Google has a pretty reliable algorithm for determining page rank on text searches. All sorts of attempts are made to game the system, by both legitimate and unscrupulous Search Engine Optimization schemes alike, but those strategies always seem to fail in the long run. But put a search query into Google Images, especially with safe-search turned off, and you'll get a bizarre assortment of pictures to look at. That's because image searches generally just comb through the associated text appended to images. It's the reason why if you're an ornithologist looking for pictures of birds with bright blue feet, you might see a different sort of boobies if you search for them. Now Google says it's got a software solution to more closely align Image Search Page Rank with reality.
The research paper, “PageRank for Product Image Search,” is focused on a subset of the images that the giant search engine has cataloged because of the tremendous computing costs required to analyze and compare digital images. To do this for all of the images indexed by the search engine would be impractical, the researchers said. Google does not disclose how many images it has cataloged, but it asserts that its Google Image Search is the “most comprehensive image search on the Web.”

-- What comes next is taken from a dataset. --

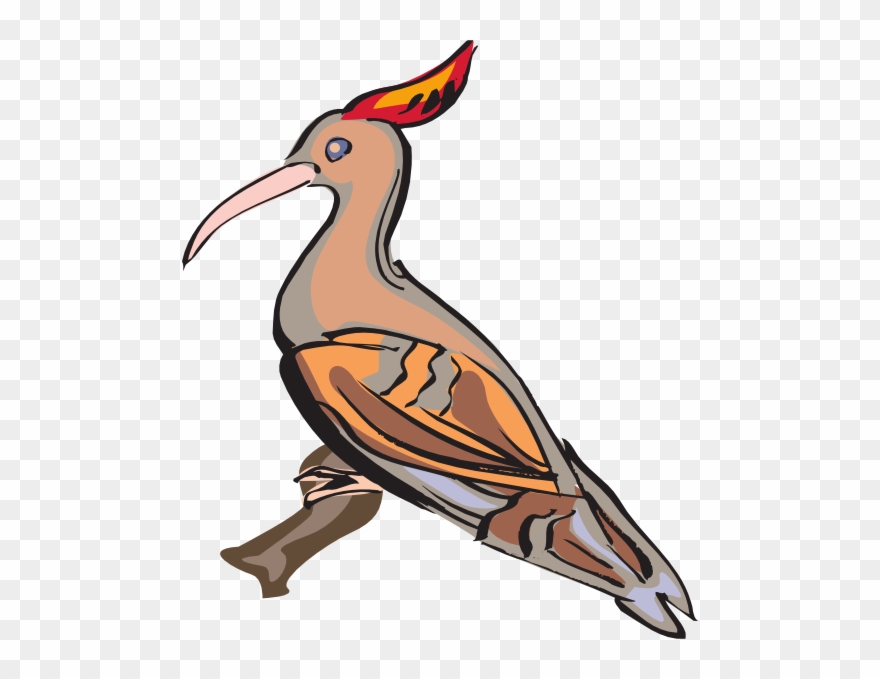 Perched Hoopoe Png, Svg Clip Art For Web Transparent Png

The company said that in its research it had concentrated on the 2000 most popular product queries on Google’s product search, words such as iPod, Xbox and Zune. It then sorted the top 10 images both from its ranking system and the standard Google Image Search results. With a team of 150 Google employees, it created a scoring system for image “relevance.” The researchers said the retrieval returned 83 percent less irrelevant images.
It doesn't sound like the approach is likely to be scalable to all the images on the web, but it's a good start. On another topic, the New York Times has forgotten the difference between "less" and "fewer," so it's official: writing standard English is dead.